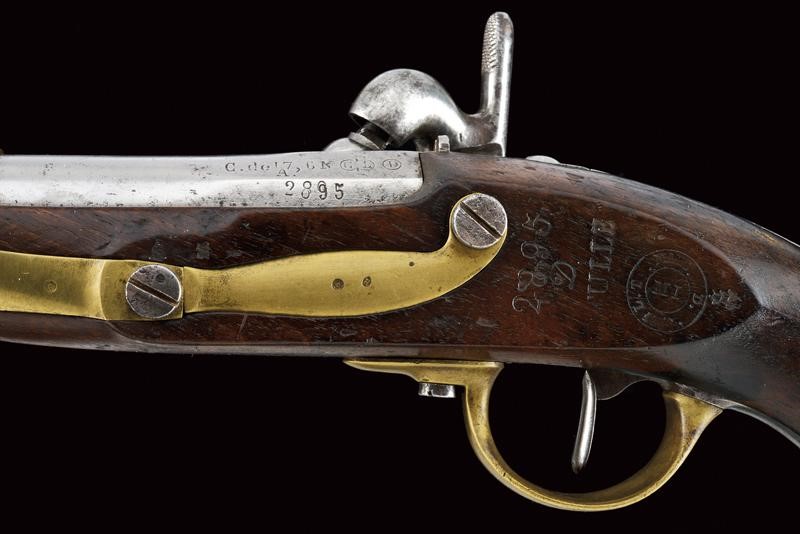 Pistola a Luminello Mod. 1822 T Bis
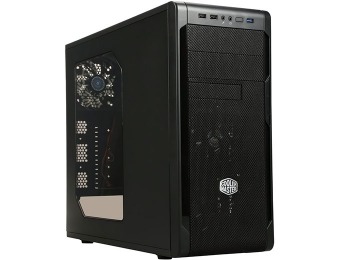 33% off Cooler Master N300 Mid Tower Computer Case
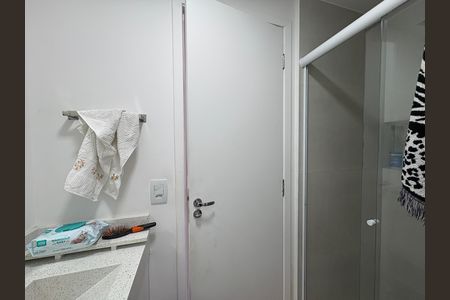 Apartamento para alugar com 55m², 2 quartos e 1 vagaBanheiro da Suíte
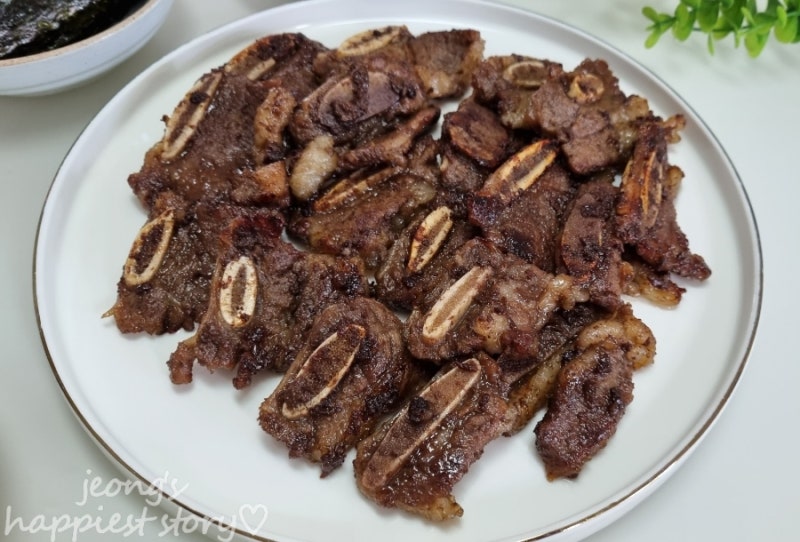 박수홍의 착한 한입LA갈비 간단히 먹기 좋아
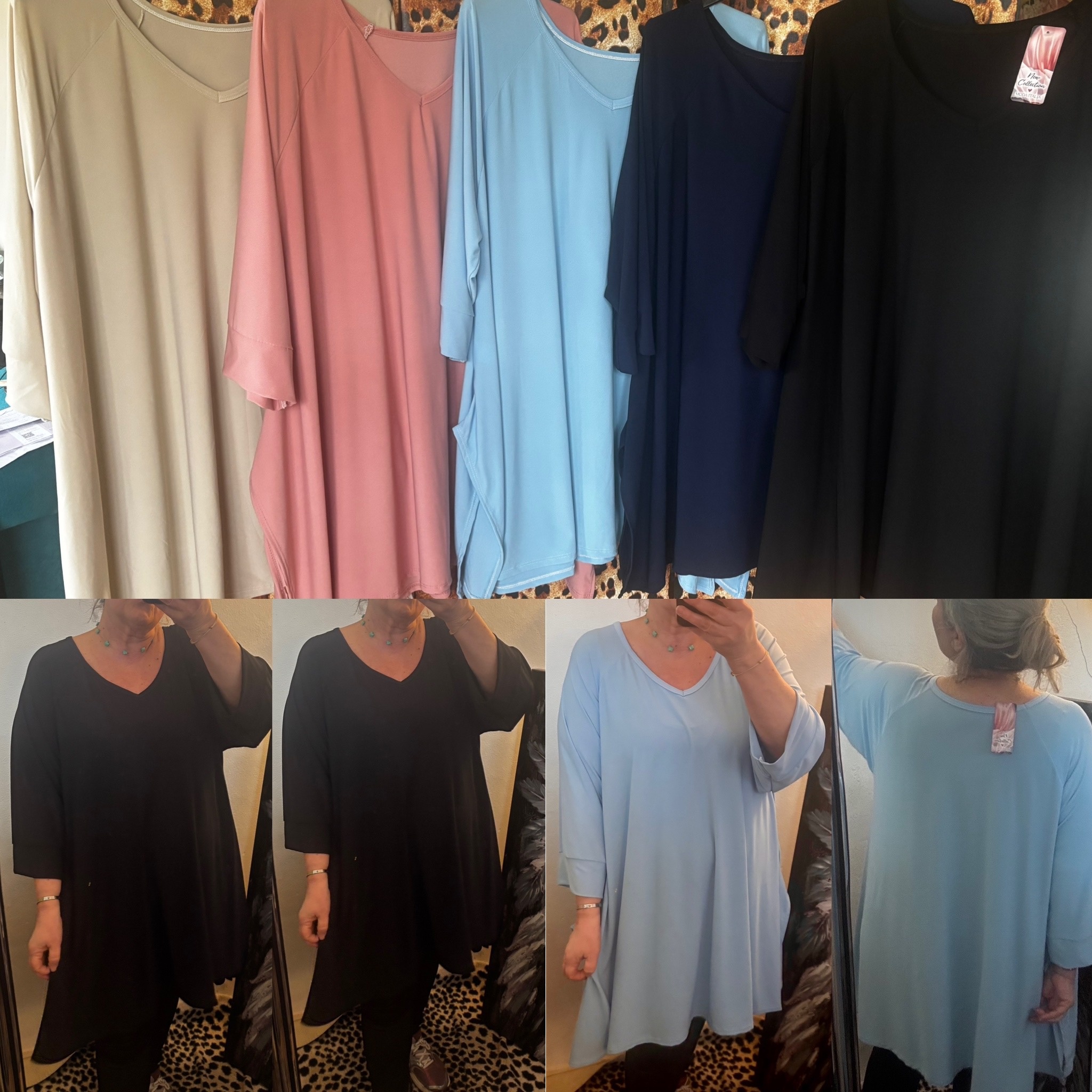 TUNIEK TOSCANE MATEN 48/50 TOT 56/58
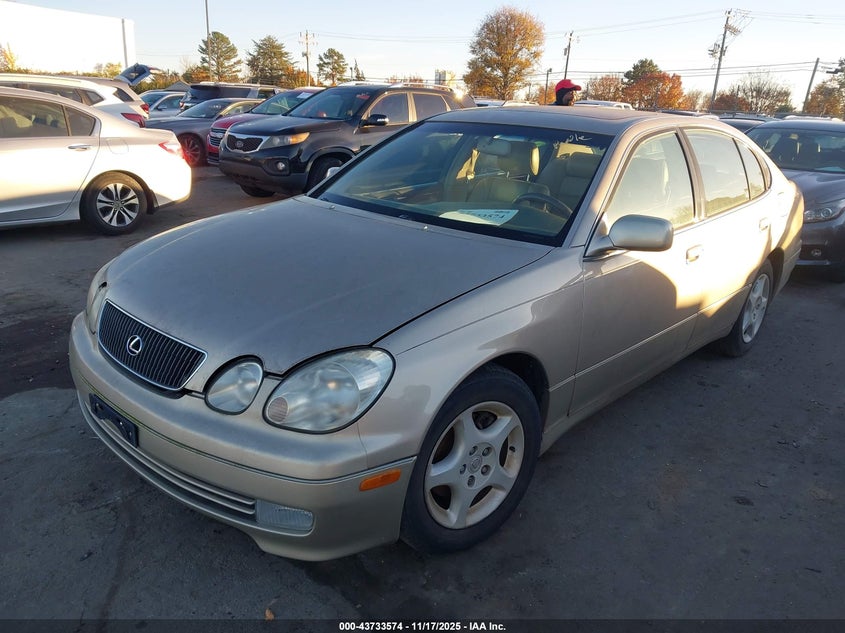 JT8BD68S4Y0094755 2000 LEXUS GS 300 photo no. 2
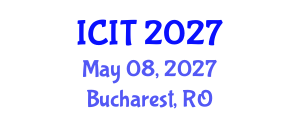 International Conference on Interpreting and Translation (ICIT) May 08, 2027 - Bucharest, Romania International Conference on Interpreting and Translation (ICIT) May 08, 2027 - Bucharest, Romania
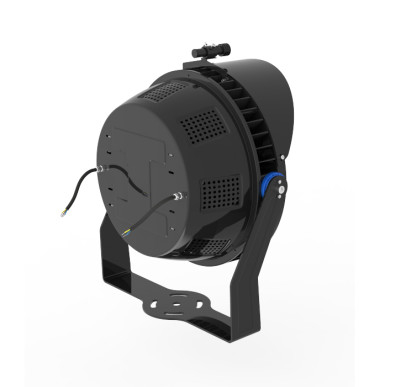 400W 30000lm মডুলার এলইডি স্পোর্টস গ্রাউন্ড ফ্লাডলাইটগুলি আল হিট সিঙ্ক কাঠামো সহ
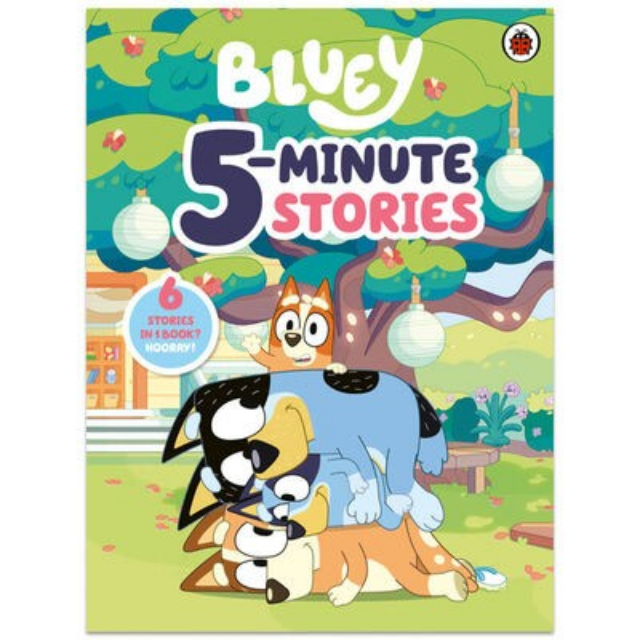 Bluey: Five Minute Stories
--------------------
Task statement: Return all records above verbatim without their pictures.

Solution below:
 Pistola a Luminello Mod. 1822 T Bis
 33% off Cooler Master N300 Mid Tower Computer Case
 Apartamento para alugar com 55m², 2 quartos e 1 vagaBanheiro da Suíte
 박수홍의 착한 한입LA갈비 간단히 먹기 좋아
 TUNIEK TOSCANE MATEN 48/50 TOT 56/58
 JT8BD68S4Y0094755 2000 LEXUS GS 300 photo no. 2
 International Conference on Interpreting and Translation (ICIT) May 08, 2027 - Bucharest, Romania International Conference on Interpreting and Translation (ICIT) May 08, 2027 - Bucharest, Romania
 400W 30000lm মডুলার এলইডি স্পোর্টস গ্রাউন্ড ফ্লাডলাইটগুলি আল হিট সিঙ্ক কাঠামো সহ
 Bluey: Five Minute Stories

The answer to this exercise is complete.